Suite N (1982): "Commissioned by the Direction de la Musique and the Ina GRM. Composed in the Ina GRM's numerical composition studio with the assistance of Benedict Maillard and Yann Geslin. In a composition studio, musical research is never very far removed from madness. The first step is the initial work on the sound picked up by the microphone and the varieties of delirium that result from it: exaggerated amplification, inversion, transformation. Synthesizers and their crazy possibilities com next. The third step is the computer, one of the purest products of logic. . . . My intention in 'Suite N' was, on the one hand, to use solely sounds produced by the computer either by direct synthesis (MUSIC V) or by sound treatment, and, on the other hand, to work with a definite form."
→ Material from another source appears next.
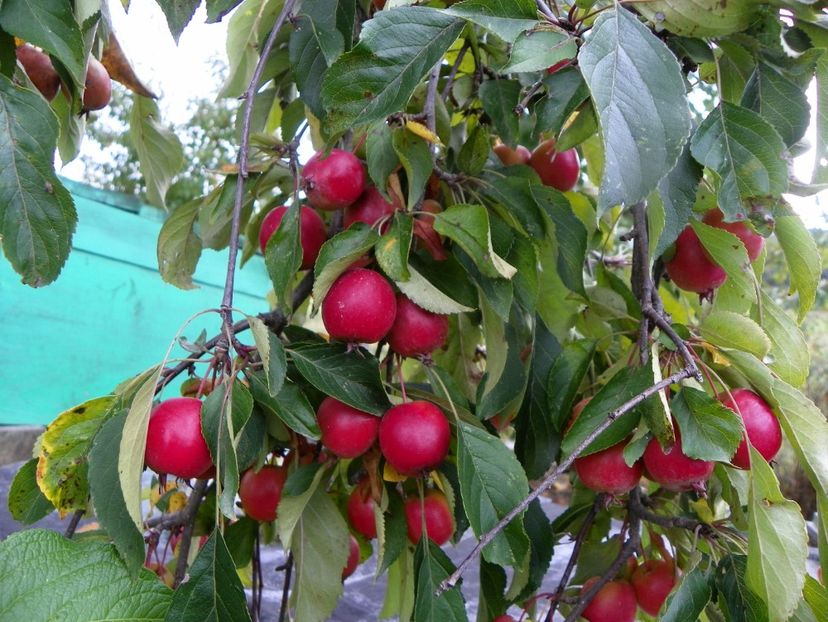 malus Cheal's Weeping - Dobarland 2019 4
"Jean Schwarz is an idiosyncratic figure in the world of electroacoustic music. With a dual background in jazz and ethnomusicology, he has crossed times and genres with an unwavering singularity, infusing improvisation, ballets or cinema with the art of acousmatics. 'Erda' or 'Suite N', each in their own way, demonstrate Schwarz's unique propensity for exploring sound, its cross-fertilisations and its evocative power." --François Bonnet, Paris, 2015
Digital transfer by Jonathan Fitoussi. Cut by CGB at Dubplates & Mastering, Berlin, August 2015. Translations by Valérie Vivancos. Layout by Stephen O'Malley. Coordination GRM: Daniel Teruggi and François Bonnet. Executive production: Peter Rehberg.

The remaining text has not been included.